Simple...leverage! By placing the skate at the middle of the shaft, you have place a fulcrum at that point which allows you to make the stick work better for you.
So by placing the bottom hand down the shaft, allows the player to place a fulcrum down the shaft allowing them to make the leverage of the stick work during the shot. Here is a good example that you can show him.
At the local play ground is a toy called a "Teeter-Totter" (aka: Seesaw) where one kid sits on one side and a kids on the other side. Now, lets say your sons friend is 130 pounds and your child is 80 pounds, the odds of your son picking up his friend is not good due to his friends weight.
But, if you were to change the center point (fulcrum) that allows them to go up and down, more towards his friend, what we have done is change the leverage point in favor of your son. Thus he will have the ability to pick up his friend.
Now if he wants to have a blistering shot, he needs to make that fulcrum point(bottom hand)work for him. What I am about to tell you is the foundation for every shot; wrist, snap, slap,and passing.
It's called a "Push and Pull" technique. You "push" the HANDS away from the body, the bottom hand doesn't move once at full extension, and you "pull" the top hand back towards the body. This allows the bottom hand to act like a fulcrum and then the shot goes faster than normal.

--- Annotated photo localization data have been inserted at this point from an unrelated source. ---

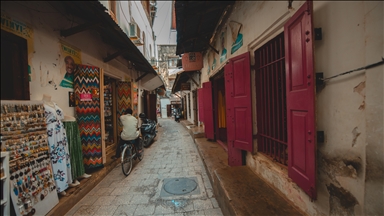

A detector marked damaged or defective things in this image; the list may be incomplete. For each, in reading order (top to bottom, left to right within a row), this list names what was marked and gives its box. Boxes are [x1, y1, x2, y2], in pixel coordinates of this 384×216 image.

peeling painted wall [201, 0, 384, 215]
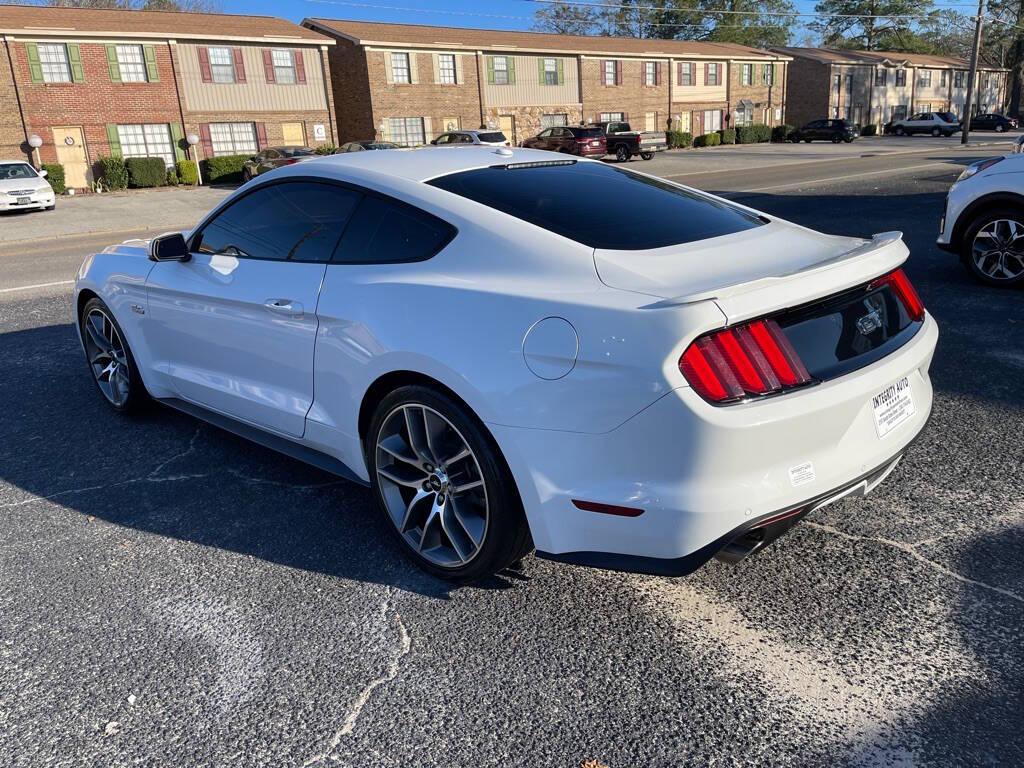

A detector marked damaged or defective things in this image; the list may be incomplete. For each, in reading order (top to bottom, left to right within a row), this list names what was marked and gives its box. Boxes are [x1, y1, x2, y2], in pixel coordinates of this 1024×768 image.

cracked pavement [0, 157, 1019, 768]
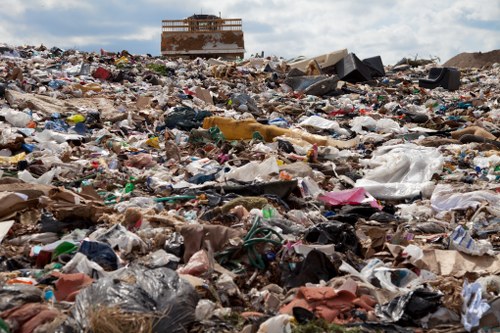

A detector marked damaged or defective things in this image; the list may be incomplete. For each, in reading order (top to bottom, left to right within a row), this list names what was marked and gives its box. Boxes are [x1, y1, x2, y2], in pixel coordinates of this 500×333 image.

rusty yellow machine cab [161, 14, 245, 59]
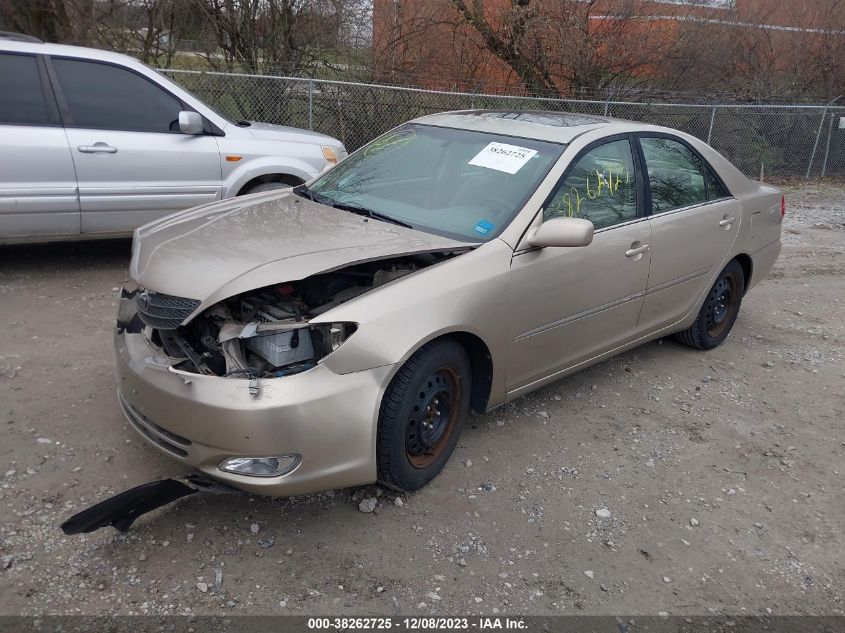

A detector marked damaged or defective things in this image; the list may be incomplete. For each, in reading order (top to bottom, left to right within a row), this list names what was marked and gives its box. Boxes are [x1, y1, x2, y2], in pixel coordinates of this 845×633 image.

damaged front end [120, 251, 454, 380]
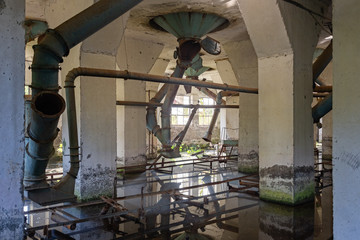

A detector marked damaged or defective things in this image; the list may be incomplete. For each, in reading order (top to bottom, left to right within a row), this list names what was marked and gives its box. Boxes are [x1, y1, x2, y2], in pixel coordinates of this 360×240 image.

rusty green pipe [27, 0, 142, 189]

However, if he places the puck 6 to 8 inches behind the heel of his skates (on his stick side)it's going to force him to place those hands closer together to make that puck reach that far back.
As he start to move the puck forward, the bottom hand starts to slide down the shaft and adds pressure to the shaft, which will allow the shaft to bend due to the weight and back drag of the shaft on the ice. As the puck move to the point where the puck is about 3 inches ahead of his toes, this is the point of release and this should be the point where his bottom hand had maximum pressure on the shaft and full extension for the fulcrum.
Once he pulls that top hand back towards his body, he needs to roll the shaft hand over to allow the tip of the blade of the stick to point to the hole that he is aiming for. This will make that shot more accurate.
Okay let's go back for a second and review. Why is the writing hand so important on the placement of the stick? The top hand does the artistic part of the stick...aka dangling the puck, where as the bottom hand works the leverage.
I hope this information helped.
Rob Lopez - Commissioner / CEO
University Ice Hockey League / Pass the Puck, Inc.